We will see what the commercial offering looks like, and how many enterprises could actually take advantage of such a sophisticated environment. But it is the closest thing I have seen to a private cloud platform for delivering "Big Data as a Service," and acts, in essence, as a service bus for analytics. Informatica, IBM, Oracle, and SAP should take note.
- Linkedin is a Data Company, not a Social Media Company, Maybe Your Company Could be a Data Company: While you might guess Linkedin has enough data to chew on through its roughly 175m professional profiles, in fact they have all kinds of other data sources such as job posts, queries, searches, group activities, and third party sources. Like NYSE Euronext, Linkedin wields a long line of analytics solutions and tools, such as Teradata Aster, Oracle, Hadoop, R, Tableau , and others.
But what struck me is, just as NYSE Euronext viewed Big Data provisioning as a holistic, cross-enterprise challenge, Linkedin views Big Data as a holistic set of value-based deliverables for all aspects of the business and Linkedin users as well. The goal of the Linkedin data team is to ensure that Linkedin is data driven at all levels from executive to marketing to product to design to business ops to engineering to users like us. Their commitment to "democratize the data" underscores the idea that we should not delimit Big Data as a discrete project, but rather as an opportunity to make the entire organization, and our related external value chains, smarter. Check out data.linkedin.com for a fun peek.

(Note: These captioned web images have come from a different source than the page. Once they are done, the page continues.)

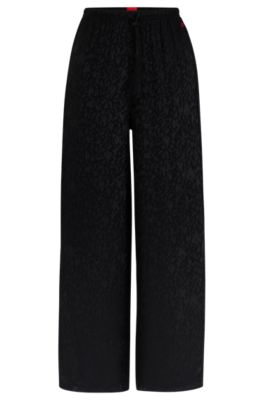 Hugo Boss Signature-jacquard Pajama Bottoms With Side Slits In Black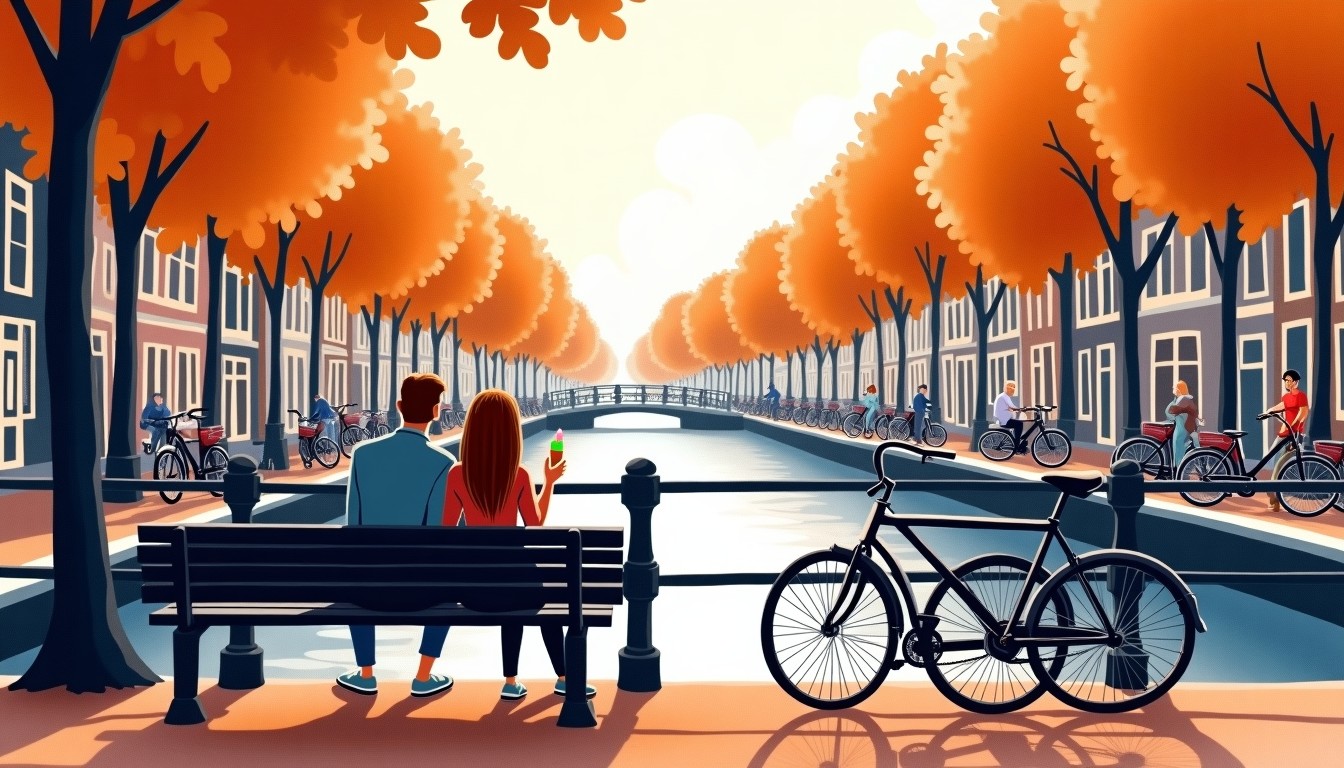 Couple sitting on a bench by a Dutch canal, eating ice cream, bicycles nearby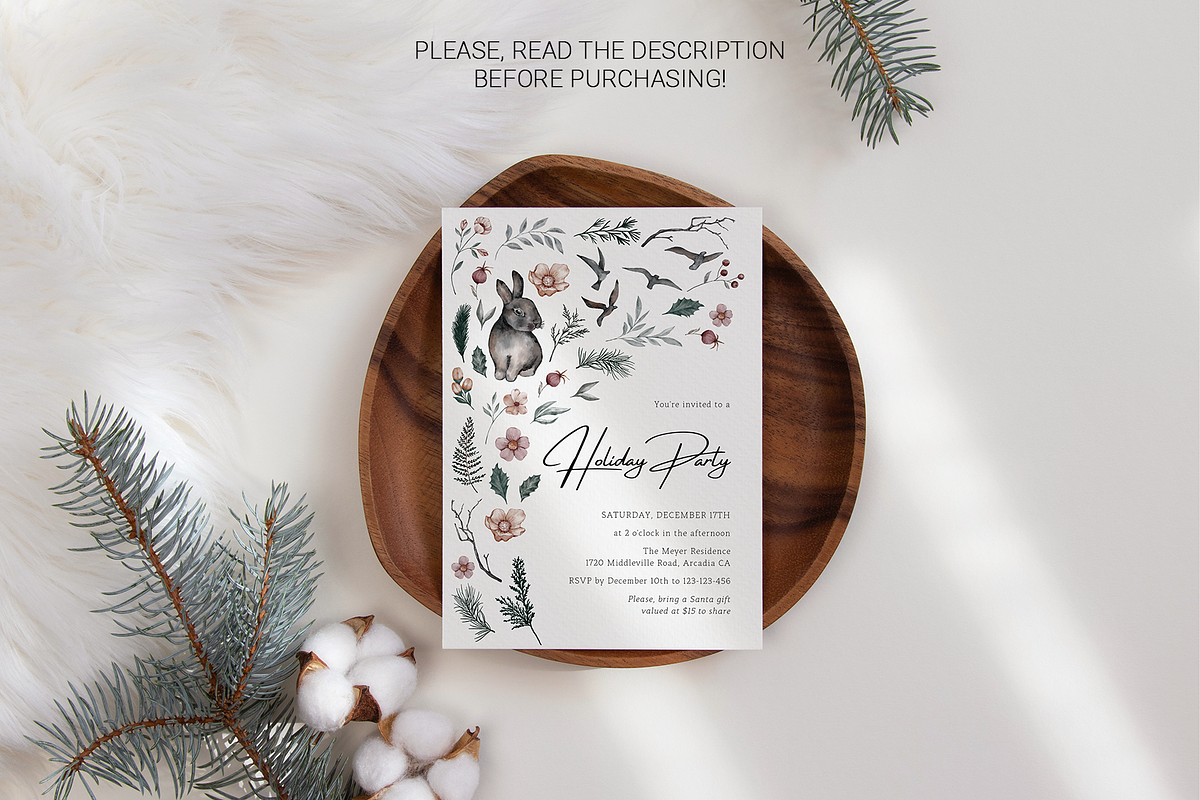 Christmas Holiday Invitation Rabbit preview 8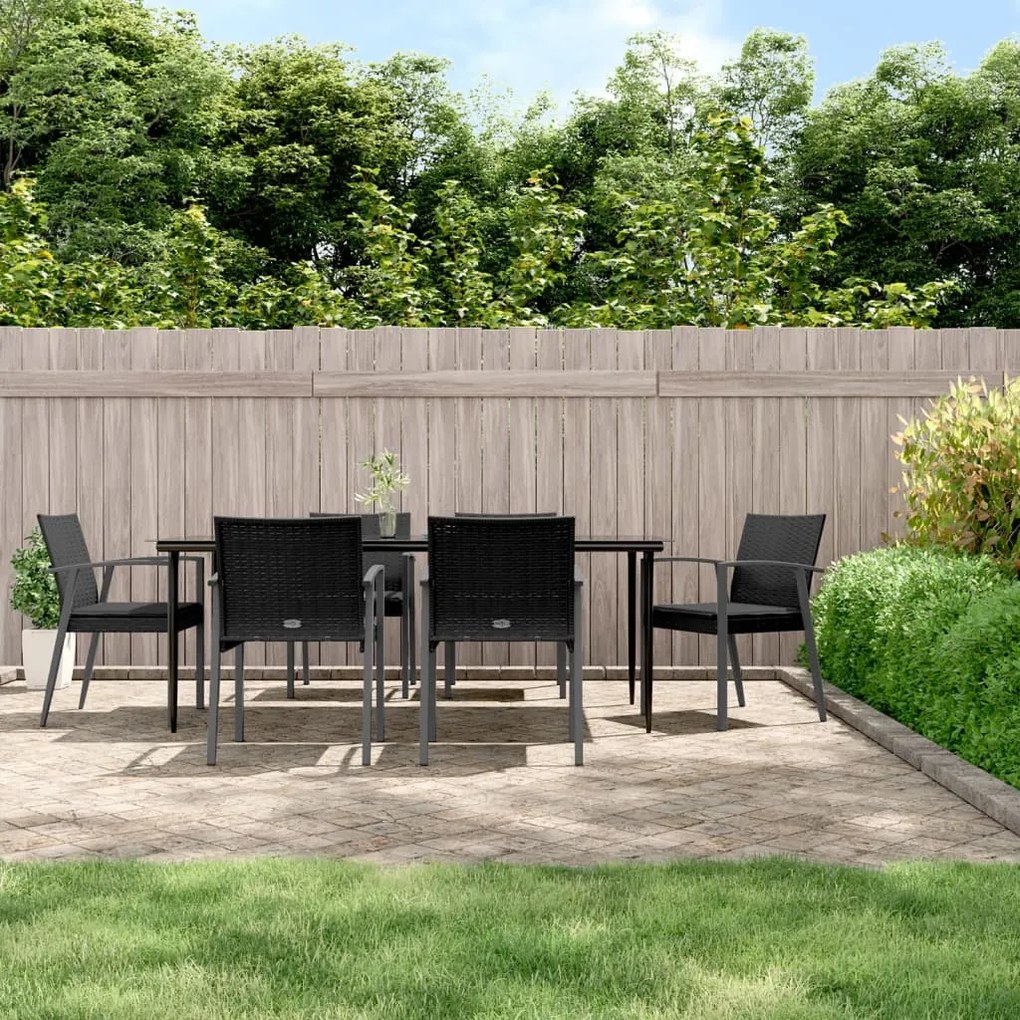 Set pranzo da giardino 7 pz con cuscini in polyrattan e acciaio
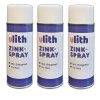 3x Ulith Zink Spray 400 ml Grundierung Reparatur Ausbesserung Korrosionsschutz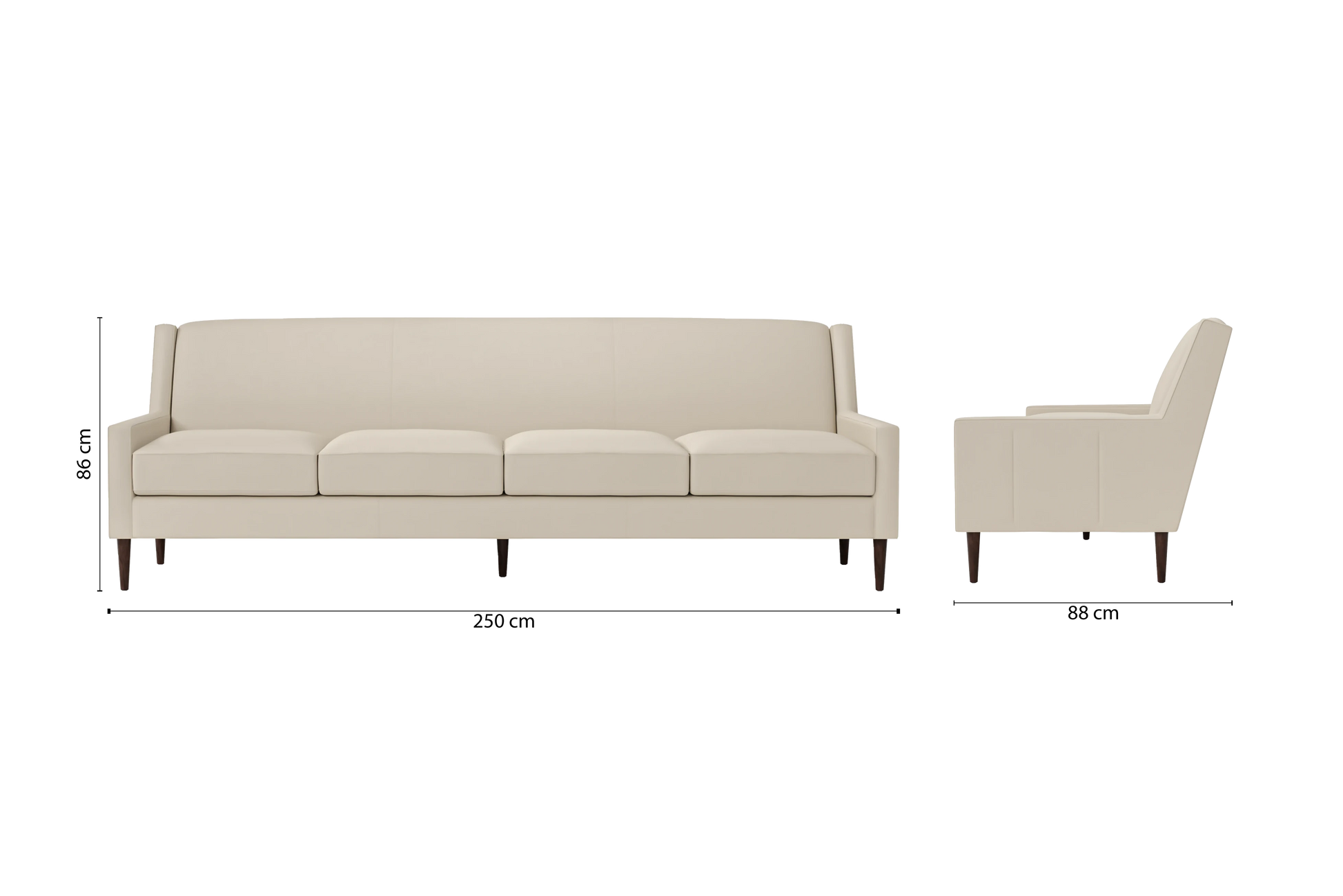 Vigevano 4 Seater Sofa Cream Leather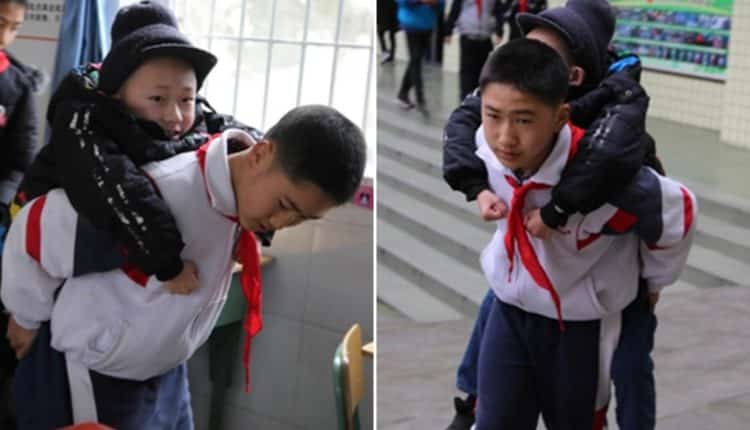 Chinese Boy Has Carried His Disabled Best Friend to Class for 6 YEARS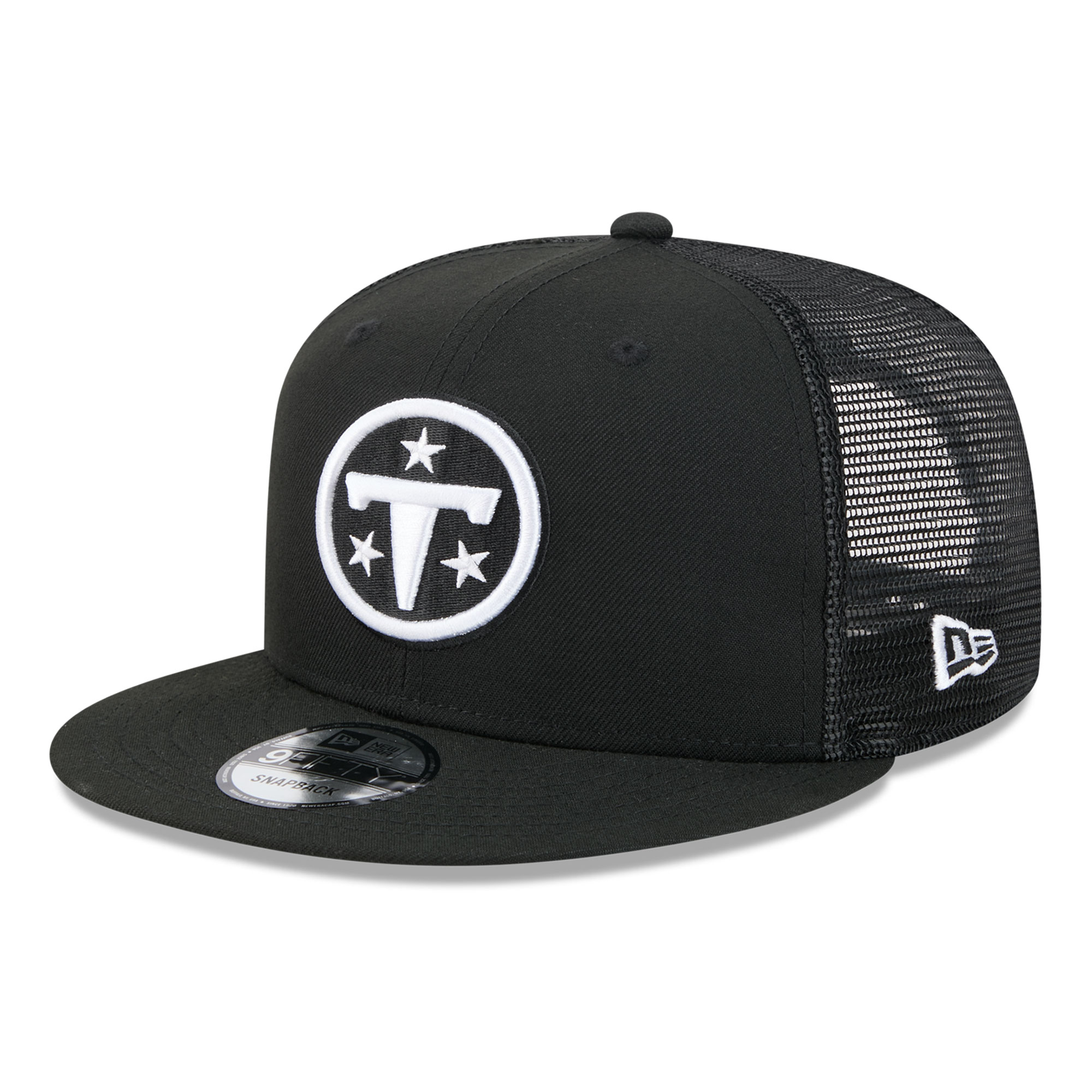 Men's New Era Black/White Tennessee Titans 9FIFTY Snapback Trucker Hat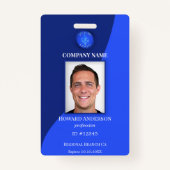 Modern Blue Employee Photo ID Badge (Voorkant)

- It's the Index, Stupid! Those who have paid attention to Big Data history know that before Hadoop was Hadoop it was as a search project, born out of the brains that brought us Google and Yahoo search. The notion of search in the context of Big Data analytics remains healthy, albeit somewhat in the background relative to the rest of Hadoop hype. For example, LucidWorks, who offers cloud-based commercial wrapping around the Apache Lucene/Solr project, treats search as an essential ingredient for Big Data. Specifically, the LucidWorks Big Data platform augments the Big Data analytics/Hadoop paradigm with search, very quickly enabling analytics users to not just use search as a UI for analytics, but to index all content to enable analytics users to dig through the content for answers.
My lesson learned about the power of indexing and search in the context of analytics at the summit helped me appreciate Chiliad, who offers a different approach to empowering search for analytics, a more networked approach: They deploy intelligent peer nodes for indexing and search at the data sources, which then communicate and cooperate, resulting in a highly distributed search-based analytics solution without moving much data, cutting storage and implementation costs considerably. Chiliad's technique has served the government intelligence and healthcare sectors well for several years. The idea here is, why move distributed data for search/analytics purposes if you don't have to; shun the "shuns" - migration, replication, integration, transformation - unless you really must.
Finally, a Big Data Thanks! to The Innovation Enterprise Ltd. who put on such a concentrated, multi-faceted event in Boston. It was fun and informative, just like Big Data.